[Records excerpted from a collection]
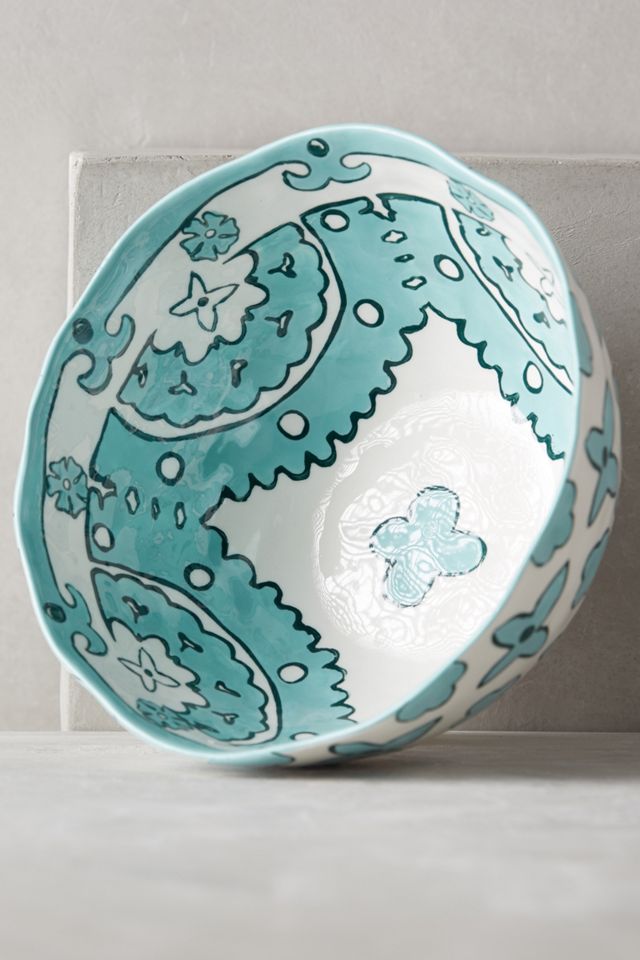 Gloriosa Serving Bowl #1
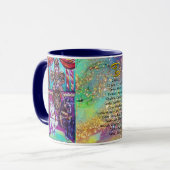 MUG ANNIVERSAIRE DU CANCER, DE L'ASTROLOGIE DU TAROT D (Devant gauche)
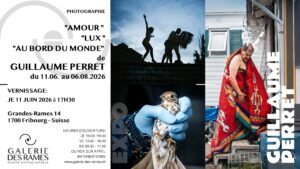 Exposition Yves Leresche - Galerie des Rames, Fribourg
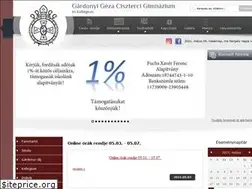 Sites similar to gardonyi-eger.hu
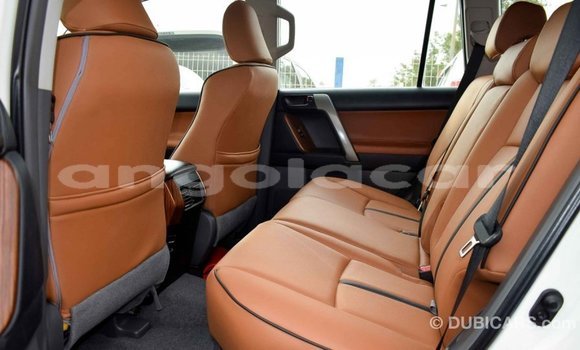 Comprar Importar Toyota Prado Branco Carro em Import - Dubai em Bengo Province Comprar Importar Toyota Prado Branco Carro em Import - Dubai em Bengo Province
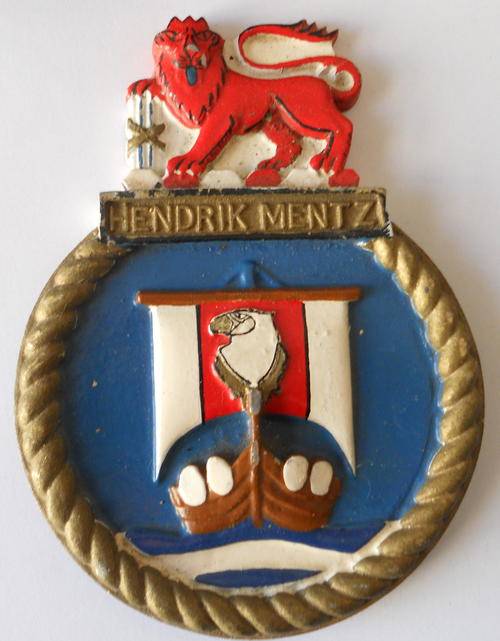 Strike Craft Badges cast in Aliminuim beautifully painted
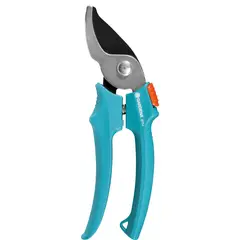 GARDENA - Tijera de podar basica 14 cm Celeste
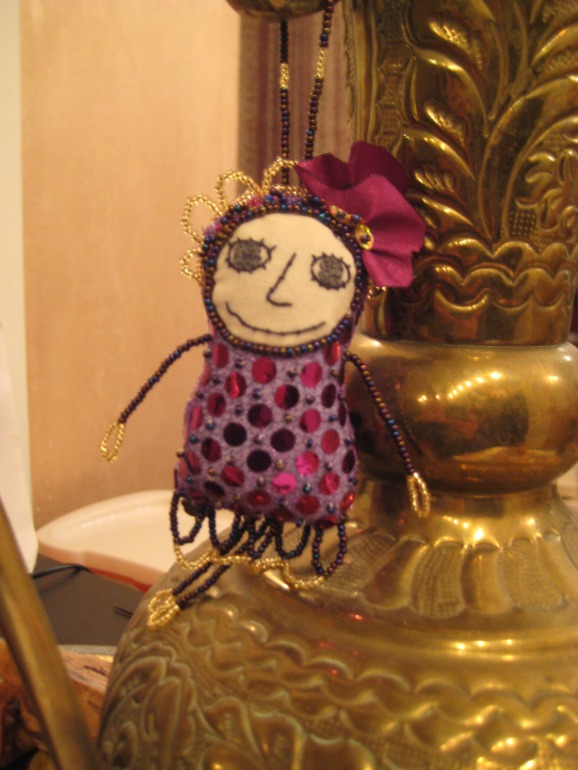 Кукла Дотти на Вашу елку!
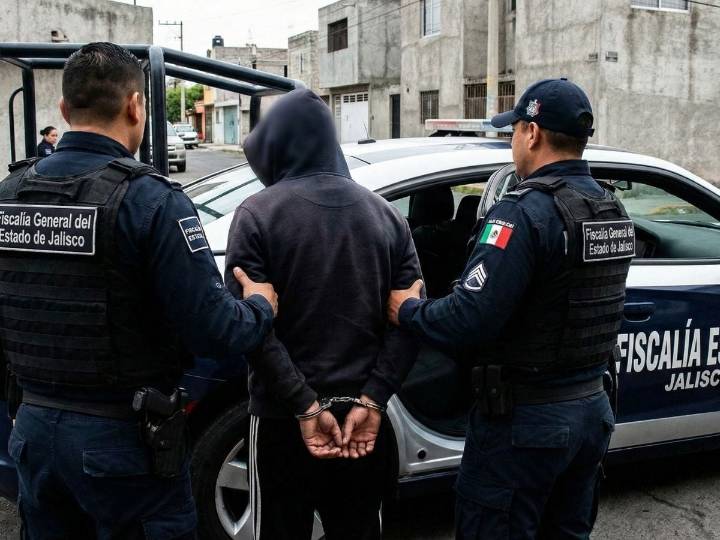 Detienen a padrastro acusado de matar a golpes a su hijastra de un año en Jalisco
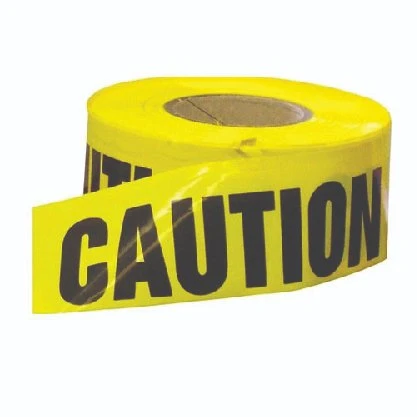 PE Warning Non-Adhesive Safety Barrier Caution Tape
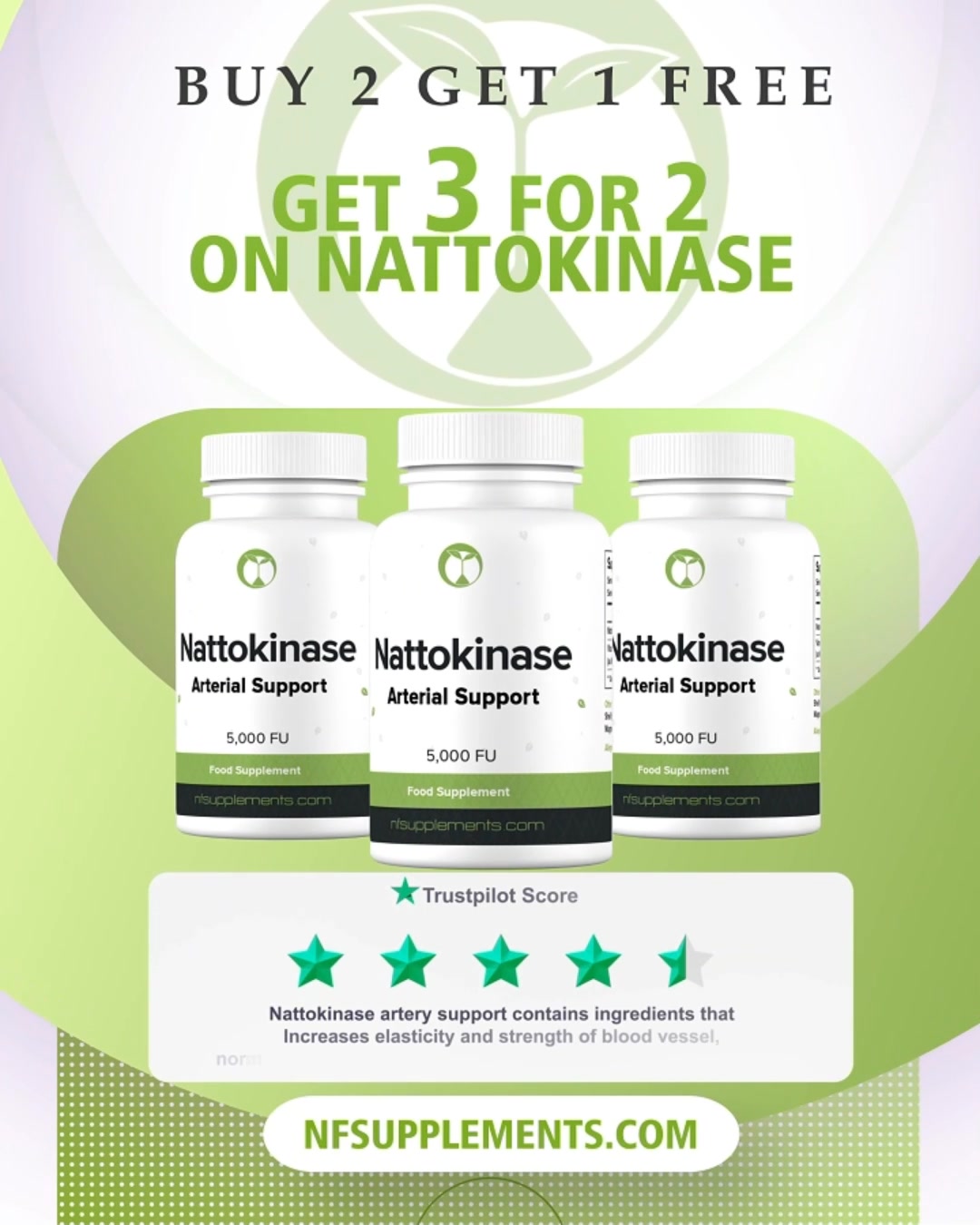 Supports Healthy Arteries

* GOAL OF THE EXERCISE *
Omitting the images, output each record precisely as written.

* ANSWER SECTION *
 Gloriosa Serving Bowl #1
 MUG ANNIVERSAIRE DU CANCER, DE L'ASTROLOGIE DU TAROT D (Devant gauche)
 Exposition Yves Leresche - Galerie des Rames, Fribourg
 Sites similar to gardonyi-eger.hu
 Comprar Importar Toyota Prado Branco Carro em Import - Dubai em Bengo Province Comprar Importar Toyota Prado Branco Carro em Import - Dubai em Bengo Province
 Strike Craft Badges cast in Aliminuim beautifully painted
 GARDENA - Tijera de podar basica 14 cm Celeste
 Кукла Дотти на Вашу елку!
 Detienen a padrastro acusado de matar a golpes a su hijastra de un año en Jalisco
 PE Warning Non-Adhesive Safety Barrier Caution Tape
 Supports Healthy Arteries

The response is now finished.